You are viewing a plain text version of this content. The canonical link for it is here.
Posted to dev@spark.apache.org by Arkadiusz Bicz <ar...@gmail.com> on 2017/02/23 12:31:33 UTC

Re: Support for decimal separator (comma or period) in spark 2.1

>
> Hi Team,
>
> I would like to know if it is possible to specify decimal localization for
> DataFrameReader for  csv?
>
> I have cvs files from localization where decimal separator is comma like
> 0,32 instead of US way like 0.32
>
> Is it a way to specify in current version of spark to provide
> localization:
>
> spark.read.option("sep",";").option("header",
> "true").option("inferSchema", "true").format("csv").load("
> nonuslocalized.csv")
>
> If not should I create ticket in jira for this ? I can work on solution if
> not available.
>
> Best Regards,
>
> Arkadiusz Bicz
>

Re: Support for decimal separator (comma or period) in spark 2.1

Posted by Hyukjin Kwon <gu...@gmail.com>.
Please take a look at https://issues.apache.org/jira/browse/SPARK-18359.

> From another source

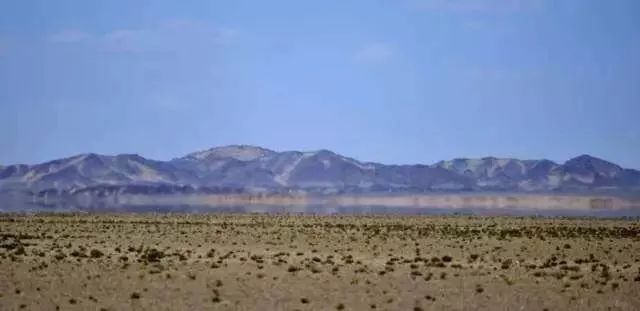 阿尔巴斯山羊绒围巾,阿尔卑斯山羊绒围巾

2017-02-23 21:53 GMT+09:00 Arkadiusz Bicz <ar...@gmail.com>:

> Thank you Sam for answer, I have solved problem by loading all decimals
> columns as string and replacing all commas with dots but this solution is
> lacking of automatic infer schema which is quite nice functionality.
>
> I can work on adding new option to DataFrameReader  for localization like:
>
> spark.read.option("NumberLocale", "German").csv("filefromeurope.csv")
>
> Just wonder if it will be accepted?
>
> Best Regards,
>
> Arkadiusz Bicz
>
> On Thu, Feb 23, 2017 at 1:35 PM, Sam Elamin <hu...@gmail.com>
> wrote:
>
>> Hi Arkadiuz
>>
>> Not sure if there is a localisation ability but I'm sure other will
>> correct me if I'm wrong
>>
>>
>> What you could do is write a udf function that replaces the commas with a
>> .
>>
>> Assuming you know the column in question
>>
>>
>> Regards
>> Sam
>> On Thu, 23 Feb 2017 at 12:31, Arkadiusz Bicz <ar...@gmail.com>
>> wrote:
>>
>>> Hi Team,
>>>
>>> I would like to know if it is possible to specify decimal localization
>>> for DataFrameReader for  csv?
>>>
>>> I have cvs files from localization where decimal separator is comma like
>>> 0,32 instead of US way like 0.32
>>>
>>> Is it a way to specify in current version of spark to provide
>>> localization:
>>>
>>> spark.read.option("sep",";").option("header",
>>> "true").option("inferSchema", "true").format("csv").load("no
>>> nuslocalized.csv")
>>>
>>> If not should I create ticket in jira for this ? I can work on solution
>>> if not available.
>>>
>>> Best Regards,
>>>
>>> Arkadiusz Bicz
>>>
>>>
>>>
>

Re: Support for decimal separator (comma or period) in spark 2.1

Posted by Arkadiusz Bicz <ar...@gmail.com>.
Thank you Sam for answer, I have solved problem by loading all decimals
columns as string and replacing all commas with dots but this solution is
lacking of automatic infer schema which is quite nice functionality.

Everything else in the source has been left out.